# READ YOUR OWNERS MANUAL BEFORE ASKING QUESTIONS !



## TechMeister (Jan 7, 2008)

*All VW owners should read their owners manual before posting oil questions.* In addition to providing a wealth of important and useful information on your VW, the owners manual also states exactly what engine oil is *REQUIRED to maintain you new vehicle warranty*.

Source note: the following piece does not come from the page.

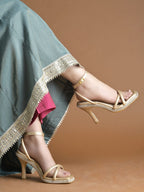 Gold Block Heel Sandals for Women | Comfortable Luxury Footwear for Weddings & Festive Occasions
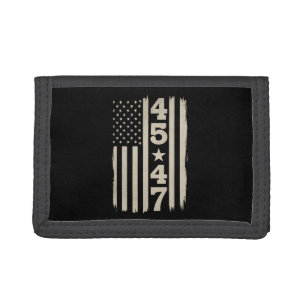 45 47 Trump Vintage USA Flag 47th President Tri-fold Wallet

If people were to read and understand the information in their owners manual you could have intelligent discussions in this and other forums instead of constant, worthless bickering and fanboyism posts on what oil is best. If you desire to debate what oil is best, at least provide independent *lab test data to support your beliefs. *
Stating that Brand X is the best because you actually believe the advertising hype, you like the color of the bottle or you like the Bimbo holding the bottle in the ad, etc. has absolutely no value in determining the LUBRICATION PROPERTIES of the oil. Opinions are worth exactly what you pay for them, so if you have no independent technical data to support your beliefs, you would be wise to go with the oils that VW has tested and approved for use in your VW. No one on this or any other forum has any technical database on VW engine lubrication that even remotely compares to VW's first hand testing experience of engine oils in VW engines. Second guessing the VW tribologist and lubrication engineers based on ad claims is technically ignorant foolishness that can cost you dearly. Don't be dumb. 

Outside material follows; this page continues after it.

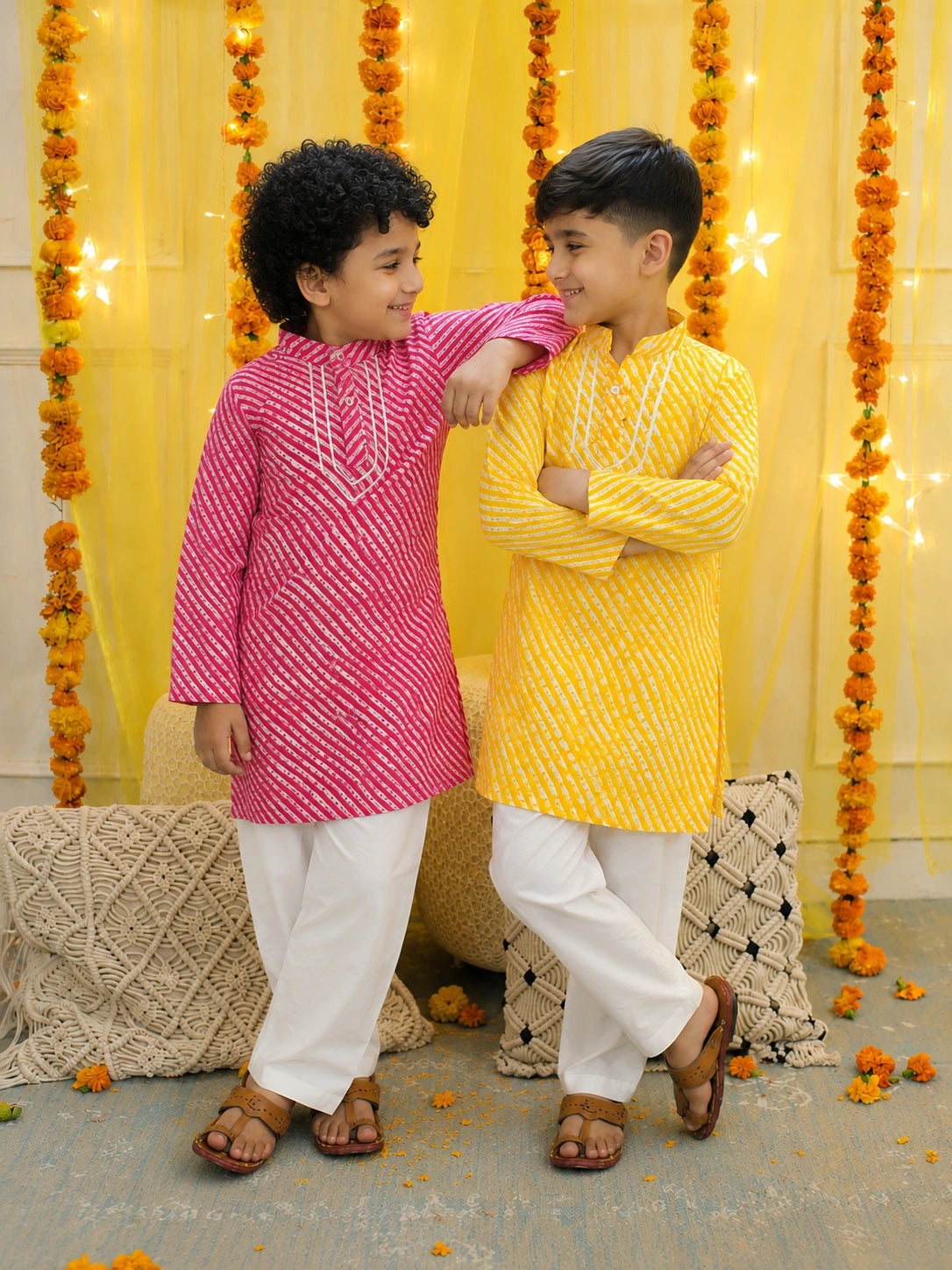 BownBee Pure Cotton Full Sleeve Kurta Pajama Sibling Set Yellow & Pink Combo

Oils primary function in an engine is LUBRICATION. Oils that meet VW oil requirements/technical specifications are the oils people should be using in their VW not just because they are required, but because VW has actually tested these oils and confirmed that they provide the proper LUBRICATION properties for your VW engine - not for some other engines.
VW publishes a list of approved oils so that VW owners can chose the proper, tested and approved oils for their VW. See the list below. If your favorite oil is not on the list, it's time to change oils because your favorite oil is not formulated and or tested to meet the very specific lubrication requirements of your VW engine. Being a good oil isn't good enough for your VW engine. *The oil needs to be specifically formulated for your VW engine to prevent premature wear and other operational problems.* Now days all car companies have specific oil requirements for their engines because the engines are working harder, have tougher emissions requirements and need very specific lubrication properties. Chose your oil wisely to protect your investment.
http://forums.vwvortex.com/zerothread?id=3599947
An educated VW owner is a happy owner !


----------